Dengan adanya berbagai perjanjian sehingga membuat wilayah Khilafah
Utsmani dengan mudah diobrak-abrik oleh musuh, seperti perjanjian
karlowitz 1699, passarowitz 1718, Belgrade 1739, Küçük Kaynarca 1774,
semuanya mengerat habis wilayah Khilafah Utsmani, russia mengerat
wilayah Khilafah di utara sampai perbatasan dengan laut hitam di masa
Catherine, sementara prancis menjajah mesir pada 1698, aljazair pada
1830, tunisia pada 1881, moroko pada 1912, inggris mengambil wilayah
india, cina barat, sudan, dan akhirnya merebut mesir dari prancis, kaum
Muslim seperti hidangan yg direbutkan dan barat mulai ekspansi militer
dengan 3G (gold-gospel-glory), lalu menjajah negeri muslim.
- Adanya Konspirasi
Pada tahun 1901 pendiri gerakan Zionis, Theodor Hertzel, mengunjungi
Istambul dan berupaya menemui Khalifah tetapi hanya diterima Ketua Dewan
Menteri. Theodor Hertzel menawarkan bantuan kepada Khilafah Islamiyah
seperti berikut:
- Membayarkan lunas hutang Khilafah Islamiyah
- Membangun Angkatan Laut Khilafah Islamiyah
- 3.35 juta Lira Emas tanpa bunga untuk kesejahteraan Khilafah Islamiyah
Tawaran ini sebagai harga dari:
- Mengizinkan orang Yahudi berkunjung ke Palestina sembarang waktu mereka inginkan, dan bermukim selama mereka inginkan “berziarah ke tempat-tempat suci”.
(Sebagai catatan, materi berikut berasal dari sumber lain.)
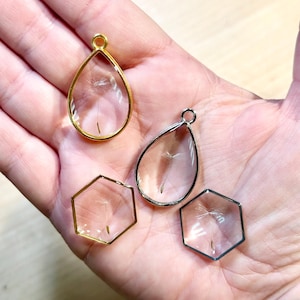 May include: Four clear glass pendants, each containing a dandelion seed. Two are teardrop-shaped, one with a gold frame and one with a silver frame. The other two are hexagonal, one with a gold frame and one with a silver frame.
- Mengizinkan orang Yahudi membangun pemukiman dan mereka menginginkan lokasi dekat dengan Yerusalem.
Khalifah yang menolak menerima Hertzel tersebut menyuruh Ketua Dewan
Menteri untuk menyampaikan titah Khalifah: “Suruh Dr. Hertzel untuk
tidak mengambil selangkah dari proyeknya itu. Saya tidak dapat
memberikan sejemputpun tanah dari Tempat Suci itu, karena itu bukan
milik saya pribadi, itu adalah milik ummat Islam seluruh dunia. Orang
Yahudi silakan menggenggam uangnya berjuta-juta. Selama saya masih
hidup, saya lebih suka menerima tebasan pedang ketimbang melihat tanah
Palestina dipotong dan dikeluarkan dari wilayah Khilafah Islamiyah. Ini
ada suatu yang tidak mungkin saya terima, saya tidak akan memotong tubuh
saya selama saya masih hidup.” Setelah itu gerakan Zionis itu
memalingkan upayanya ke Kerajaan Inggris untuk mewujudkan mimpi mereka
menjadi kenyataan.
Inggris dan Perancis sudah siap-siap untuk mengakhiri Khilafah
Islamiyah, namun kata “Jihad” masih cukup berpengaruh besar untuk
membuat Eropa “menggigil”. Eropa masih takut pada “Khilafah Islamiyah”.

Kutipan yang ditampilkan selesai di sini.